Sorry, pro sports bettors
It comes as little surprise that the Indiana regulations give operators broad discretion in limiting their liability to losses, or even limiting their exposure to gamblers who win more than they lose.
Under the “house rules” section, the IGC gives operators the ability to limit the wagering amount without the requirement of providing a reason for doing so. Arguably the most legitimate criticism of the NJ sports betting industry is that bettors are being shut out of betting beyond relatively small amounts. The anecdotes suggest that the bettors facing restrictions are sharps.
It’s worth noting that the Indiana regs state explicitly that a sportsbook cannot reduce a maximum payout after the wager was accepted. If this was permitted, the sports betting industry would be junk and consumers would always be vulnerable to being ripped off.
Related to this, the IGC regs state that if somehow a person who is excluded or prohibited from sports wagering is able to place a wager, the sportsbook must still honor that wager. This is a good consumer protection measure.
Geofencing a sports stadium?
The IGC could allow a “sports governing body” to request that the location of a particular sporting event is off-limits for wagering. Regulators would only do so if the sports league demonstrates a “credible threat to the integrity of sports wagering at the particular location of the sporting event which is beyond the control of the sports governing body to preemptively remedy or mitigate.”
The Indiana sports betting law did not give the leagues a handout in the form of mandating that operators use league data for determining the outcome of wagers.
The league(s) would have to also convince regulators that “no other means exist to remedy or mitigate the specific risk to sports wagering at the location of the particular sporting event and that geofencing is the only appropriate measure to address the issue.”
The burden here is on the leagues, as the IGC could consult with an “independent monitoring provider” and other sports betting states in deciding whether to grant the request.
Sports betting platform not like a poker site
Unfortunately for bettors, the IGC will not allow you to transfer or receive money from someone else’s online/mobile sports betting account.
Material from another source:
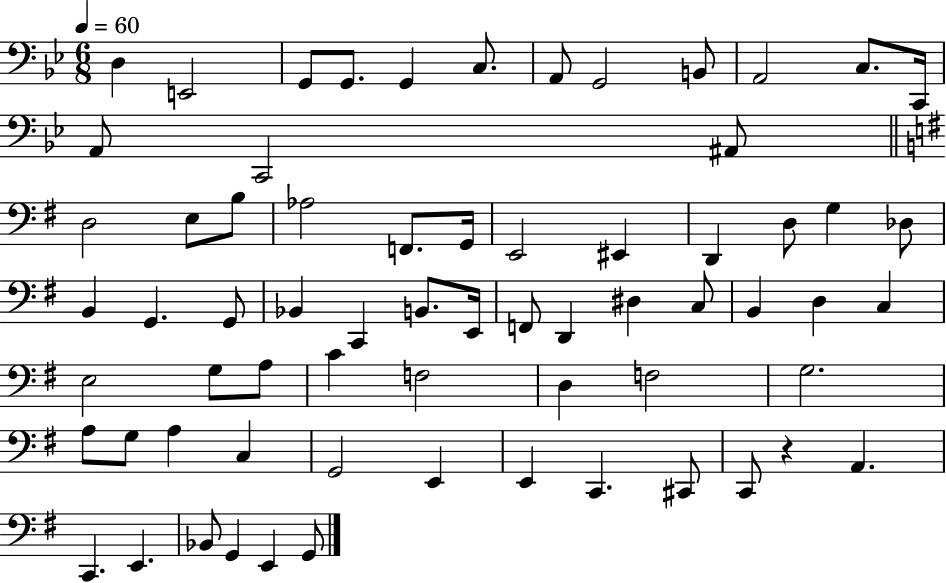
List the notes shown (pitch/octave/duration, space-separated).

D3/q E2/h G2/e G2/e. G2/q C3/e. A2/e G2/h B2/e A2/h C3/e. C2/s A2/e C2/h A#2/e D3/h E3/e B3/e Ab3/h F2/e. G2/s E2/h EIS2/q D2/q D3/e G3/q Db3/e B2/q G2/q. G2/e Bb2/q C2/q B2/e. E2/s F2/e D2/q D#3/q C3/e B2/q D3/q C3/q E3/h G3/e A3/e C4/q F3/h D3/q F3/h G3/h. A3/e G3/e A3/q C3/q G2/h E2/q E2/q C2/q. C#2/e C2/e R/q A2/q. C2/q. E2/q. Bb2/e G2/q E2/q G2/e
Let’s say you’re at a bar with your friends, and you don’t currently have the funds to place a bet. While there could be a case made that you shouldn’t be betting in the first place, you won’t be able to turn to your friend and ask if they can send you funds on the app to make your bet. Fortunately, there will be plenty of deposit options available to customers.
Of course, if kickoff is just moments away and you realize you have nothing in your account, the quickest way to get money may be to ask your friend to transfer some to you on the sports betting app. The reg prohibiting this hypothetical scenario makes it so sports bettors will have to plan slightly better and have the means to fund their account with some time to spare ahead of the event.
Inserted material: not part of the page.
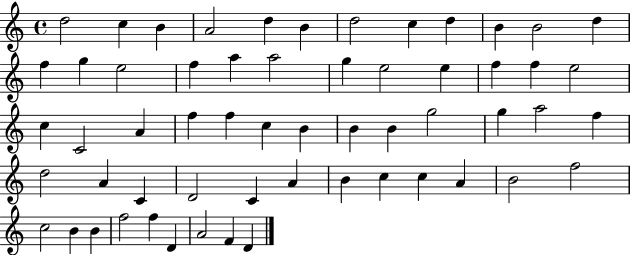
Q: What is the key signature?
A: C major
The IGC is pretty consumer-friendly with regard to how long an operator must to wait to close your online/mobile account due to inactivity. A sportsbook can only consider your account to be dormant if you haven’t logged on for “at least” three years. The book can then close your account.
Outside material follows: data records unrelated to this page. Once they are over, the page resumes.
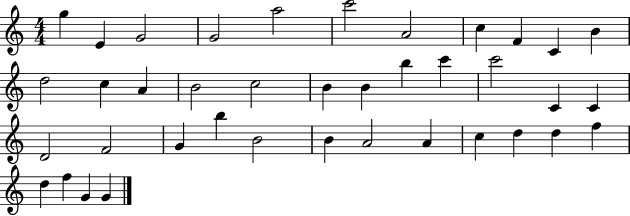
{
  \clef treble
  \numericTimeSignature
  \time 4/4
  \key c \major
  g''4 e'4 g'2 | g'2 a''2 | c'''2 a'2 | c''4 f'4 c'4 b'4 | \break d''2 c''4 a'4 | b'2 c''2 | b'4 b'4 b''4 c'''4 | c'''2 c'4 c'4 | \break d'2 f'2 | g'4 b''4 b'2 | b'4 a'2 a'4 | c''4 d''4 d''4 f''4 | \break d''4 f''4 g'4 g'4 | \bar "|."
}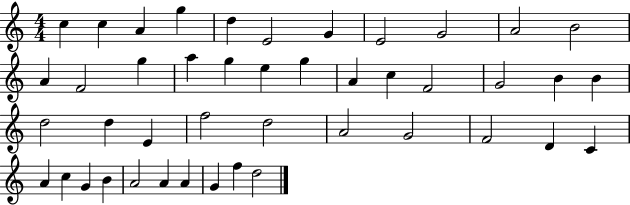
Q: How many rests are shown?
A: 0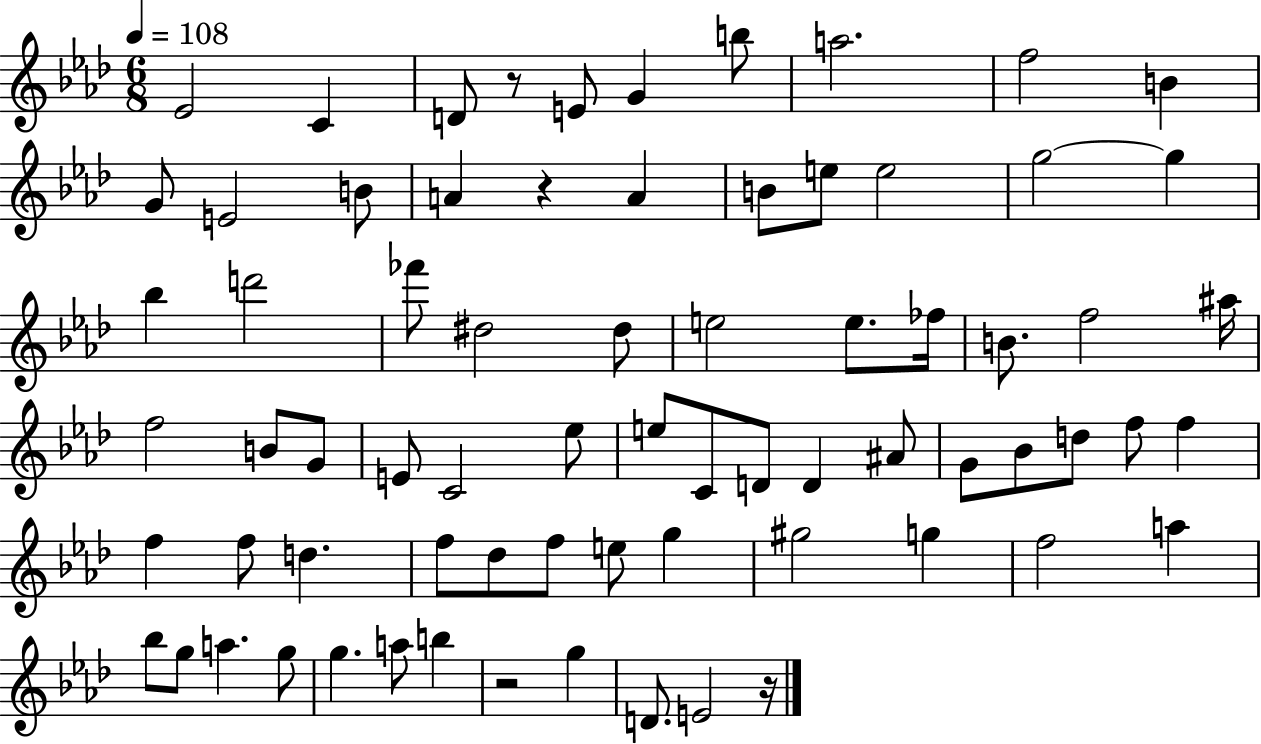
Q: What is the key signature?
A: AES major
The funds you have in their will be considered “abandoned,” and they will head to the state only after the book sends a notice to your last known address. This regulation won’t be relevant for quite some time, but it’s easy to see that one day Indiana may be collecting money from some sports bettors who stopped playing or switched which book(s) they gamble with.
Three years is a long time. Any sports bettor who forgot about their account and their money for that long probably won’t be missing it too much if the state claims it.